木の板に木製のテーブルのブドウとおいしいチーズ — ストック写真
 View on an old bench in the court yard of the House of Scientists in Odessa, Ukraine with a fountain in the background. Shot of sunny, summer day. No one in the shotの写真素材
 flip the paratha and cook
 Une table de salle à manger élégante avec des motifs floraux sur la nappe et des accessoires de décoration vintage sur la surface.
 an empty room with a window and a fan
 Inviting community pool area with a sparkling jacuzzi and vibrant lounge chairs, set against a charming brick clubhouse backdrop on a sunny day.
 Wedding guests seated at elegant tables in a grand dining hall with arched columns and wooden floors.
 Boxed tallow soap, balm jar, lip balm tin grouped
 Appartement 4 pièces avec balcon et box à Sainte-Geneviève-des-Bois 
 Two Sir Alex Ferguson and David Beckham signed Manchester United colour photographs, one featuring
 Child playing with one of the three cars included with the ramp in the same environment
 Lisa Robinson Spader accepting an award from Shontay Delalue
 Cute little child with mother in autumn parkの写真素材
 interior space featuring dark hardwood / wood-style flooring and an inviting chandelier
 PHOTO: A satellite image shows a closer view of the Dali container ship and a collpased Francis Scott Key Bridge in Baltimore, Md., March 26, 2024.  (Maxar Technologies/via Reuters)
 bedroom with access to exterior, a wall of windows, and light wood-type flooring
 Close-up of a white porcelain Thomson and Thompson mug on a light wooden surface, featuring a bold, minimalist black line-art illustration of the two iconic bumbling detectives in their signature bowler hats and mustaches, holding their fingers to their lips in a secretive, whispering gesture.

•••••

◆ Exercise prompt:
Give the lines of the material above again, exactly, from its first line through the line that contains "Une table de" and no further.

◆ Answer section:
木の板に木製のテーブルのブドウとおいしいチーズ — ストック写真
 View on an old bench in the court yard of the House of Scientists in Odessa, Ukraine with a fountain in the background. Shot of sunny, summer day. No one in the shotの写真素材
 flip the paratha and cook
 Une table de salle à manger élégante avec des motifs floraux sur la nappe et des accessoires de décoration vintage sur la surface.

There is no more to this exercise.